On The Ball | As Bundesliga restart provides bliss for starved football fans, Schalke executive says German utopia is no more
- As Bundesliga restarts, Schalke board member bemoans how uncompetitive the German league has become
- Schalke will meet Borussia Dortmund in Ruhr derby on Saturday
Uwe Kemmer, an elected board member at Bundesliga giants Schalke 04, was being shown around Old Trafford by Bobby Charlton before their 2011 Uefa Champions League semi-final against Manchester United.
“Can I just thank your club for the two best minutes in sports history when you beat Bayern Munich in the Champions League final,” he said to the United legend.
Schalke reached the semi-finals that season with Raul and Manuel Neuer in their team, but, despite their vast size and 61,000 average crowds (and 160,000 paid up members) which make them the third best-supported team in Germany and seventh in the world, they’re not a name you associate with success.

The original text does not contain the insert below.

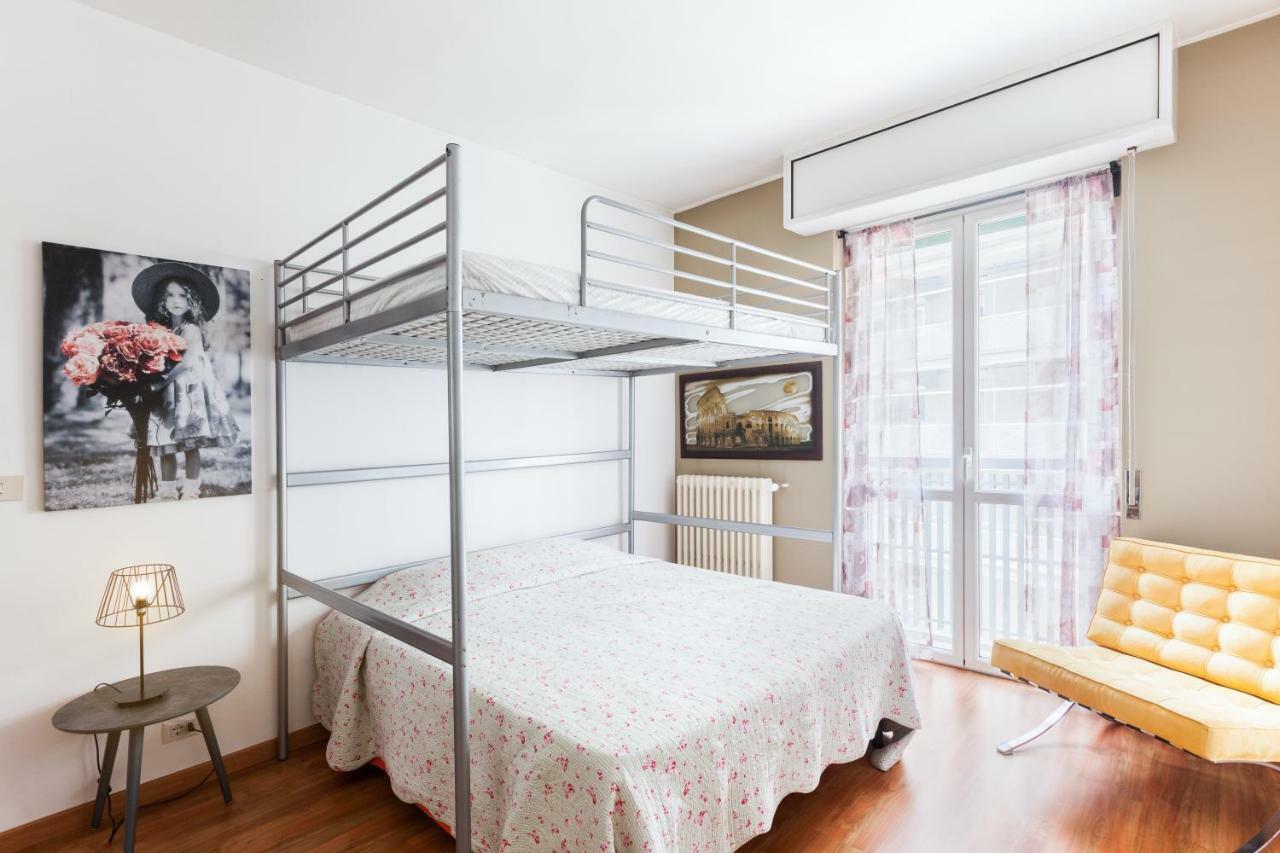 Milano Apartment Ana Екстериор снимка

“When I started watching football in the ’70s, we were actually like Man United,” Kemmer tells The Post. “We never won the Bundesliga – we’ve been runners up six times – but we had huge crowds and would take 15,000 fans to away games. Along with Bayern we were the only club with a nationwide support. Dortmund has that now with their more recent success, but while Schalke still don’t win the league, we still take 15,000 to away games – and we definitely don’t sing You’ll Never Walk Alone.”
There’s a nice line in self-depreciation in Gelsenkirchen, where Schalke play. It’s not beautiful, moneyed Munich, but a former coal-mining town with blue collar support. Nearby Dortmund is the same, a small football city where vast crowds gather.